Segment Open

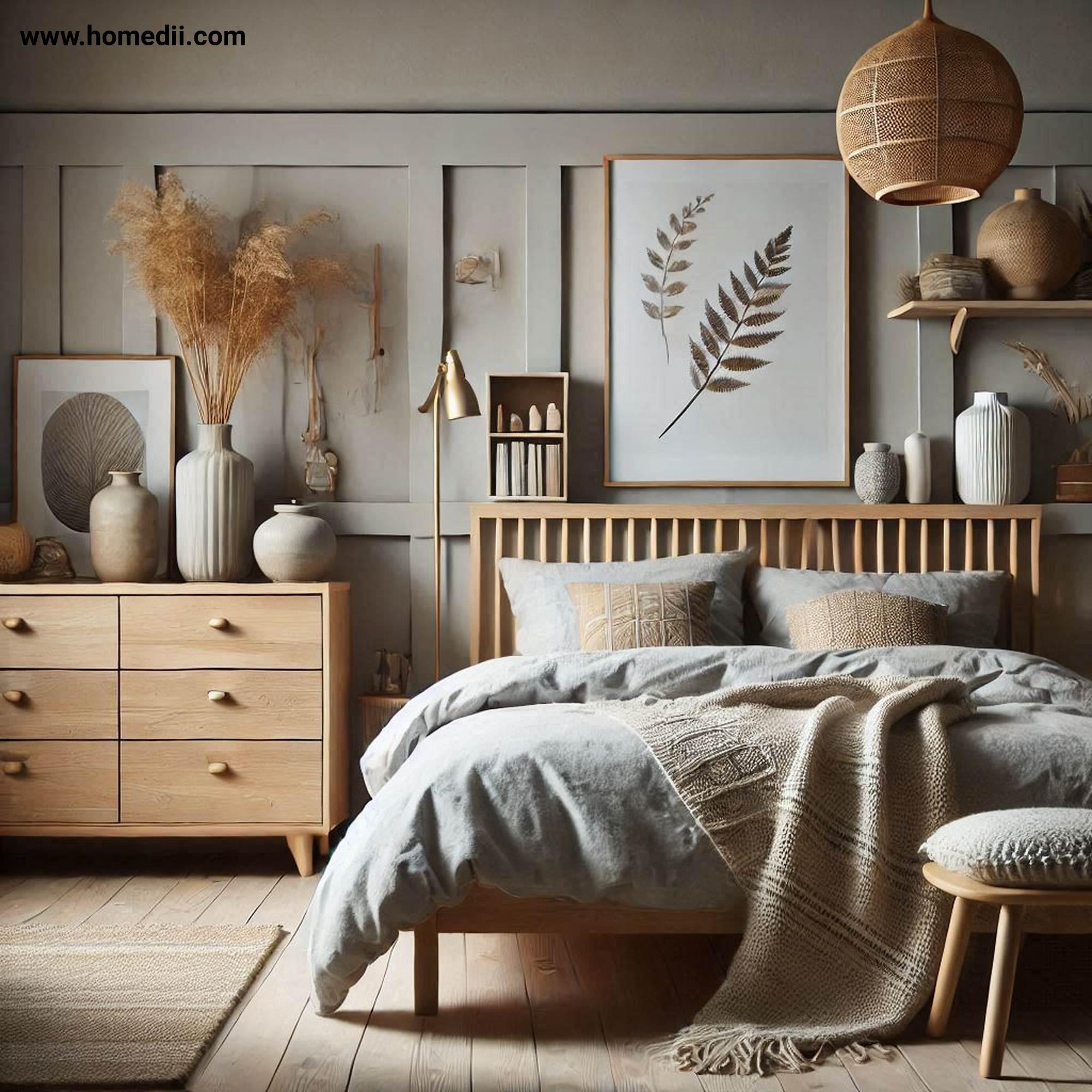 Scandinavian Bedroom - Incorporate Natural Materials with Wooden Furniture, Linen Bedding, Woolen Throws!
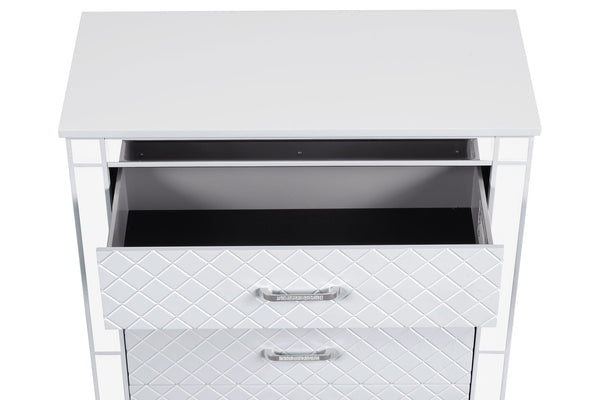 English Elm Livorno Embossed Silver Champagne Chest with Felt-Lined Top Drawer, Dovetail Full-Extension Drawers, Mirror Trim Accents Silver+White 50 L x 39 W x 20 H B078P286324
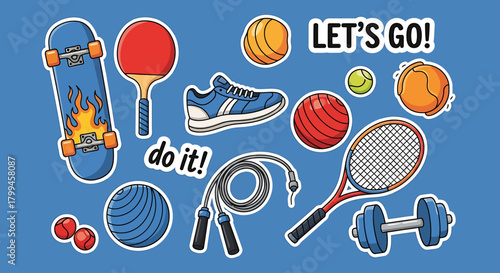 A vibrant collection of sports equipment and motivational phrases on a blue background, encouraging an active lifestyle.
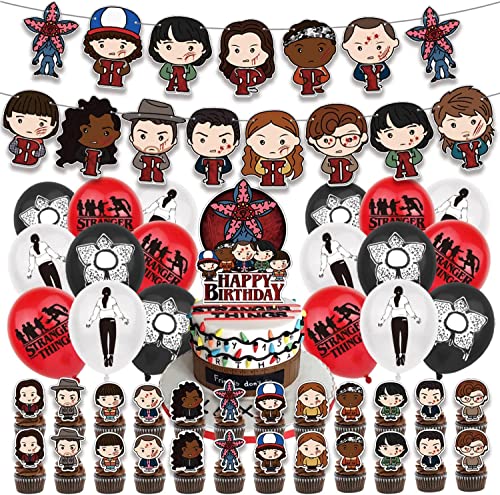 Geburtstags Dekoration Set Happy Birthday Banner Girlande Luftballons Cake Toppers Tortendeko für kindergeburtstag Deko Themed Partyzubehör Birthday Decoration Cover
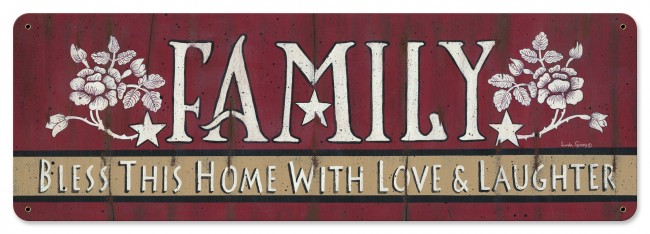 Lane083 Family Bless Home Satin Metal Sign - 24 X 8 In.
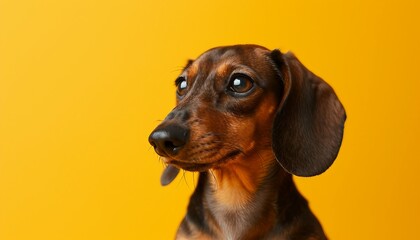 adorable charm of a Dachshund against a sunny yellow setting, emphasizing the breed's unique appearance and lovable personality, AI generative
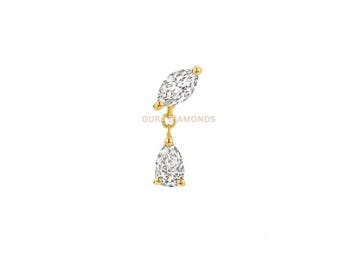 14K Gold Marquise Pear Lab Diamond Dangle Earring – Flat Back Helix Piercing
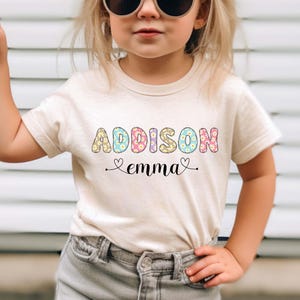Custom Kids Name With Daisies T-Shirt, Back To School Shirt Shirt, Floral Kindergarten Shirt With Name, Toddler Girl First Day of School Tee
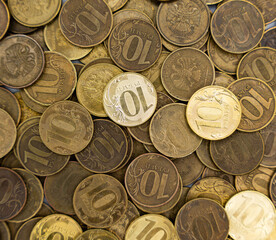 Russian coins, rubles. Background and texture of Russian money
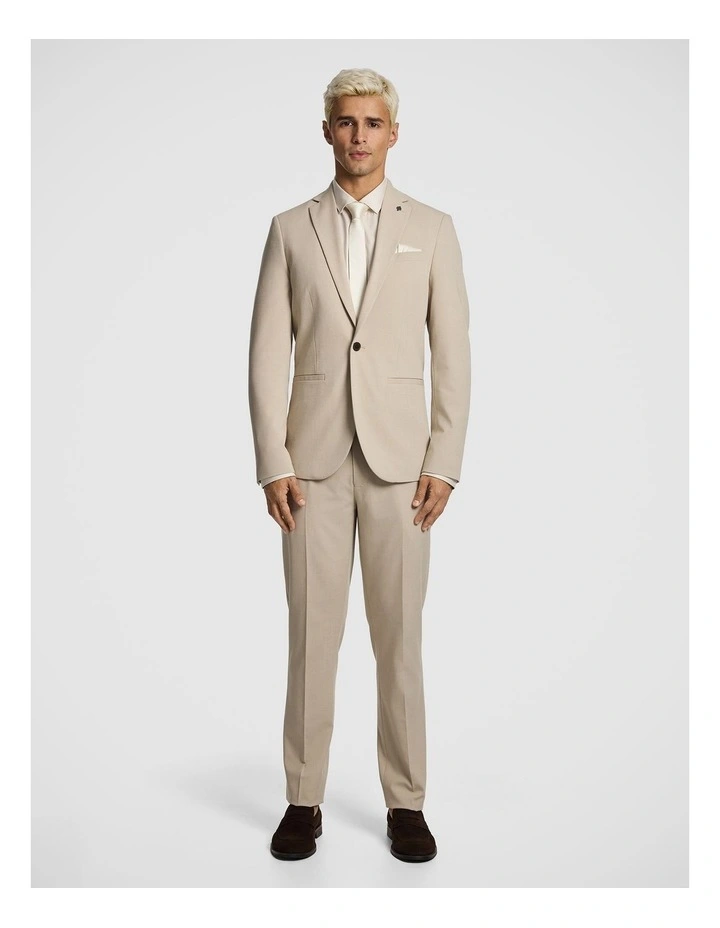 Chief Stretch Skinny Suit Jacket in Natural image 2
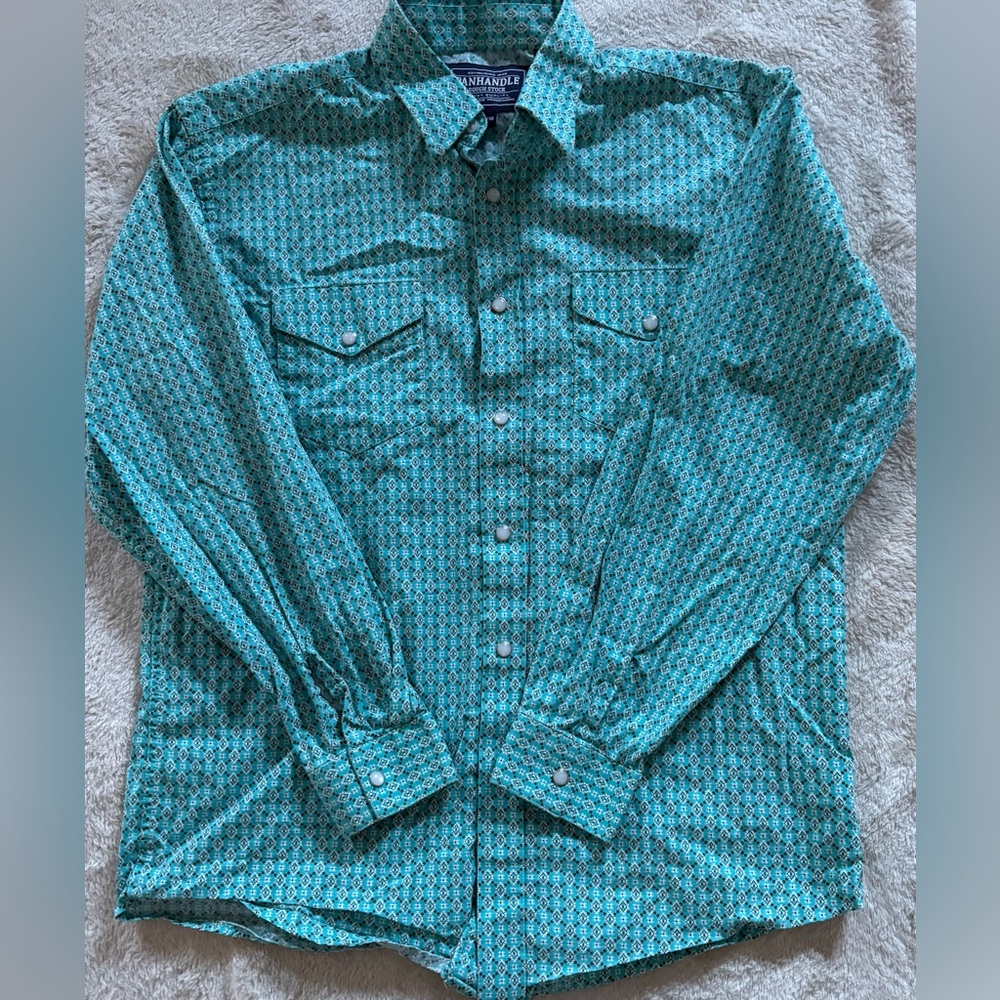 Panhandle Teal Patterned Kids Western Button Down Shirt (XL-18)
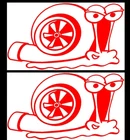 Cartoon Turbo Snail Two 5" Red Vinyl Decal Car Truck Van Tablet Bumper Door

Segment Closed

**PROBLEM:** Look above for the line with "adorable charm of" and copy exactly from it through the line with "Panhandle Teal Patterned", both included. Omit the pictures.

**ANSWER TO THIS EXERCISE:**
 adorable charm of a Dachshund against a sunny yellow setting, emphasizing the breed's unique appearance and lovable personality, AI generative
 14K Gold Marquise Pear Lab Diamond Dangle Earring – Flat Back Helix Piercing
Custom Kids Name With Daisies T-Shirt, Back To School Shirt Shirt, Floral Kindergarten Shirt With Name, Toddler Girl First Day of School Tee
 Russian coins, rubles. Background and texture of Russian money
 Chief Stretch Skinny Suit Jacket in Natural image 2
 Panhandle Teal Patterned Kids Western Button Down Shirt (XL-18)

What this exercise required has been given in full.